[Short text fragments from websites]
------------
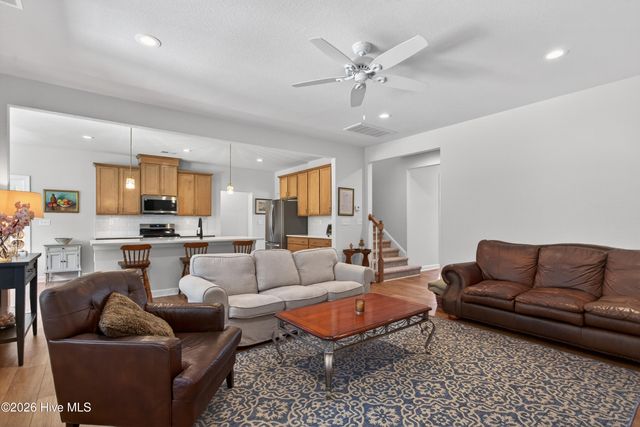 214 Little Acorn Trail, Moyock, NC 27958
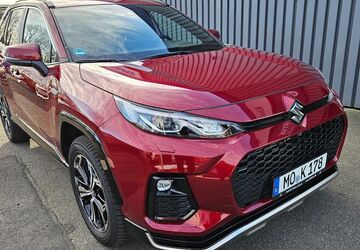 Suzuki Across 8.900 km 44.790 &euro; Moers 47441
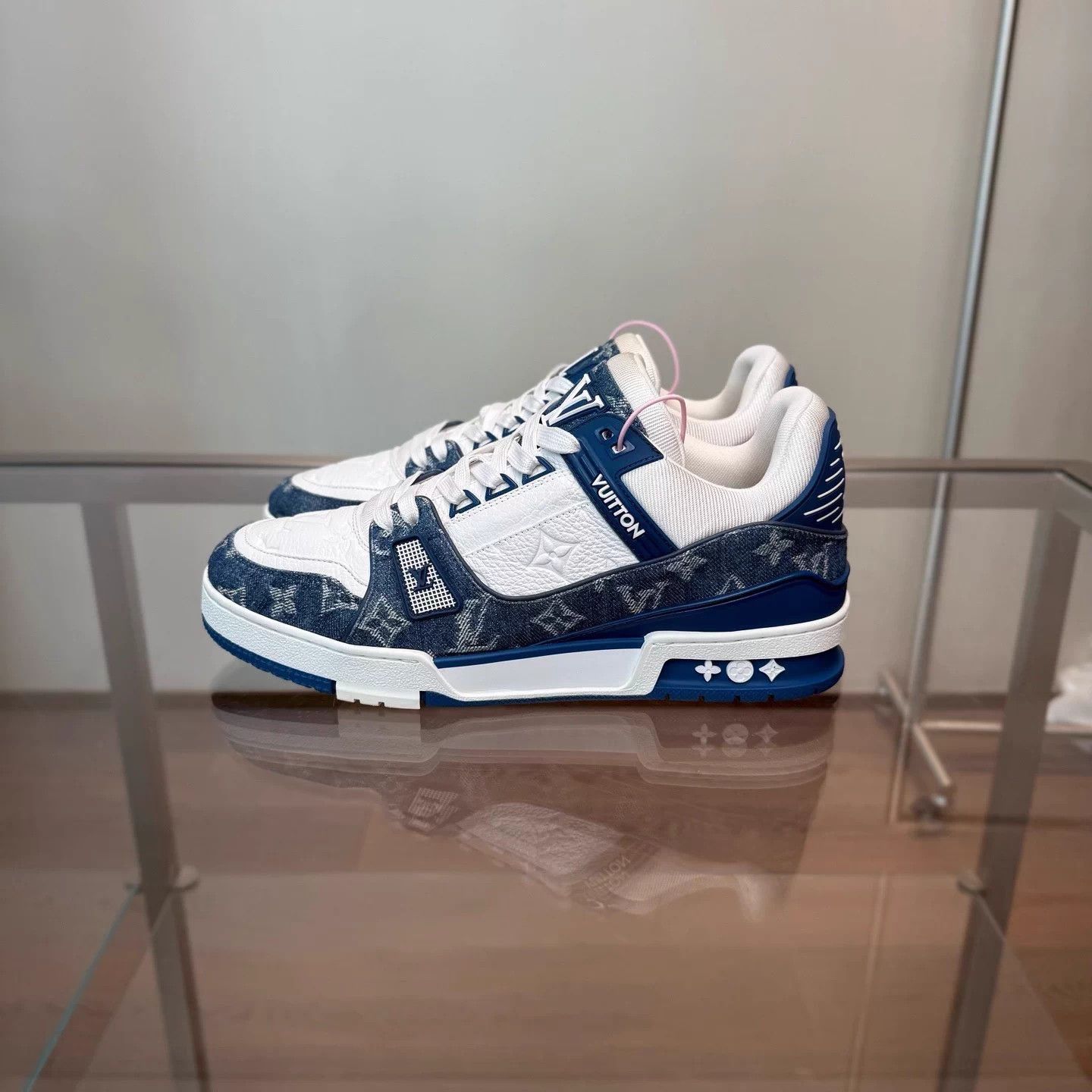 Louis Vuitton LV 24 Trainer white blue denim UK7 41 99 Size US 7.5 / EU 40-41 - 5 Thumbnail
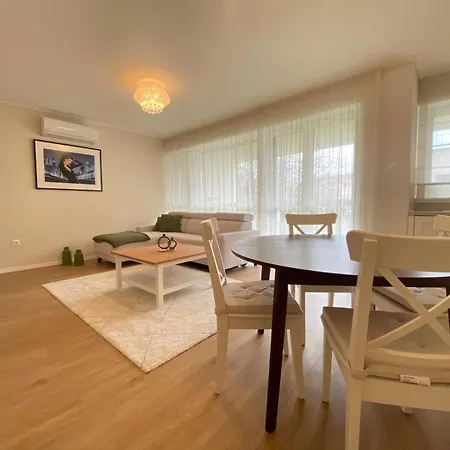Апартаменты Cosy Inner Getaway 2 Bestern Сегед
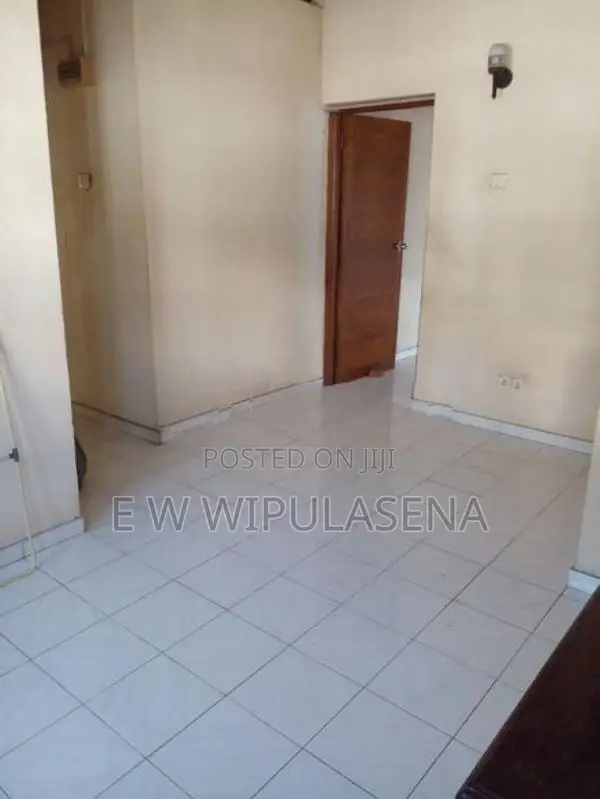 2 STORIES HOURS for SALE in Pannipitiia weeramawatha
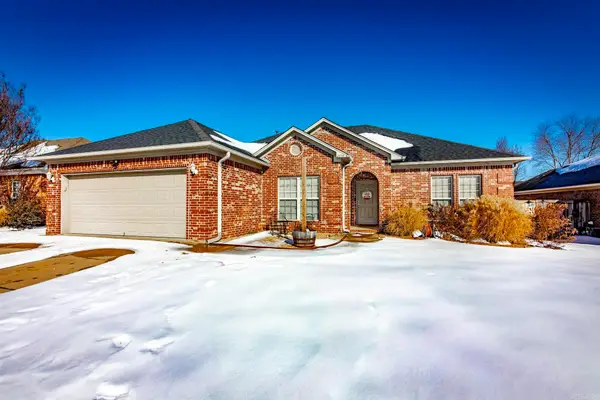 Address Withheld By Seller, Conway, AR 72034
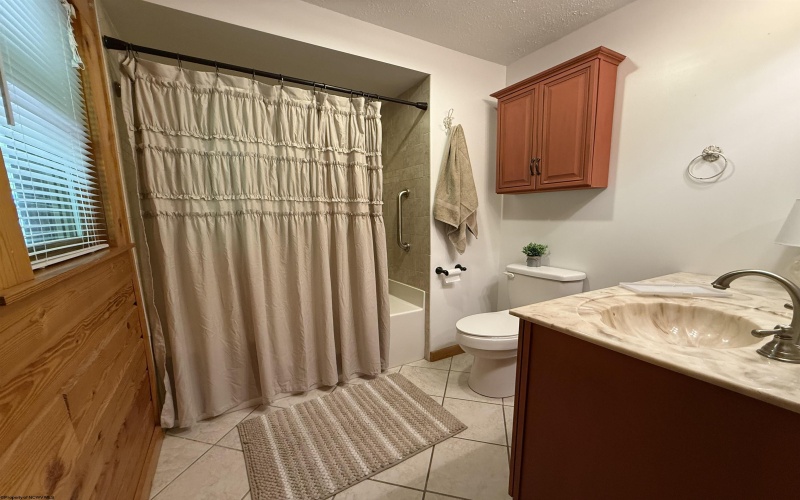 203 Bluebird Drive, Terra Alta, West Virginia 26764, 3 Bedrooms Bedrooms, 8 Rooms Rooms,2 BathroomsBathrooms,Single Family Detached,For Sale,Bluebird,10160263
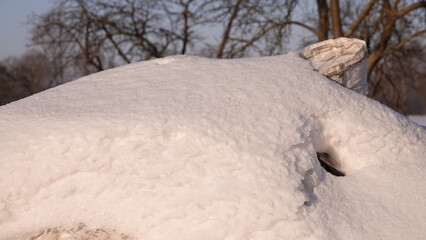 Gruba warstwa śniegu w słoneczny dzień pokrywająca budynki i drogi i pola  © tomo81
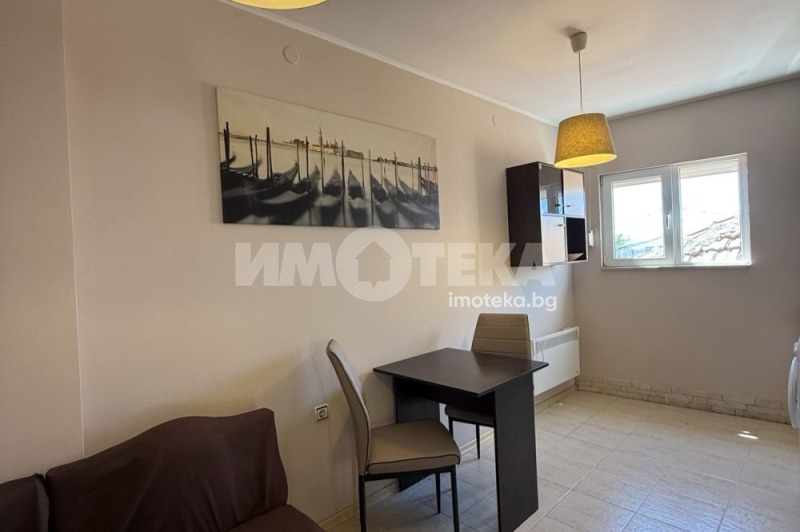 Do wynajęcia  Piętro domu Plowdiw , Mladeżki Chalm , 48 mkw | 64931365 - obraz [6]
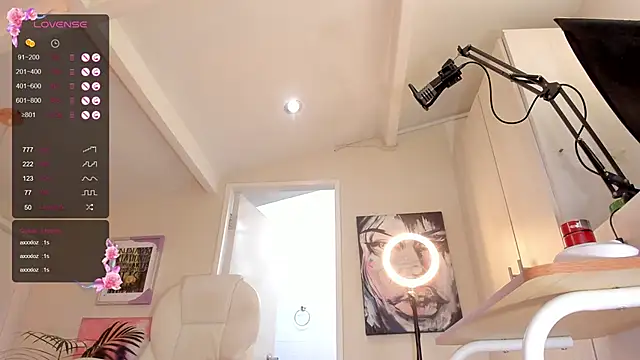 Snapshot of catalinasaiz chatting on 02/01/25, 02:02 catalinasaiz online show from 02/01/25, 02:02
------------
Your task is to return the lines above, from the first one up to and including the line containing "- obraz [6]", minus any pictures.

**RESULT OF THE TASK:**
 214 Little Acorn Trail, Moyock, NC 27958
 Suzuki Across 8.900 km 44.790 &euro; Moers 47441
 Louis Vuitton LV 24 Trainer white blue denim UK7 41 99 Size US 7.5 / EU 40-41 - 5 Thumbnail
Апартаменты Cosy Inner Getaway 2 Bestern Сегед
 2 STORIES HOURS for SALE in Pannipitiia weeramawatha
 Address Withheld By Seller, Conway, AR 72034
 203 Bluebird Drive, Terra Alta, West Virginia 26764, 3 Bedrooms Bedrooms, 8 Rooms Rooms,2 BathroomsBathrooms,Single Family Detached,For Sale,Bluebird,10160263
 Gruba warstwa śniegu w słoneczny dzień pokrywająca budynki i drogi i pola  © tomo81
 Do wynajęcia  Piętro domu Plowdiw , Mladeżki Chalm , 48 mkw | 64931365 - obraz [6]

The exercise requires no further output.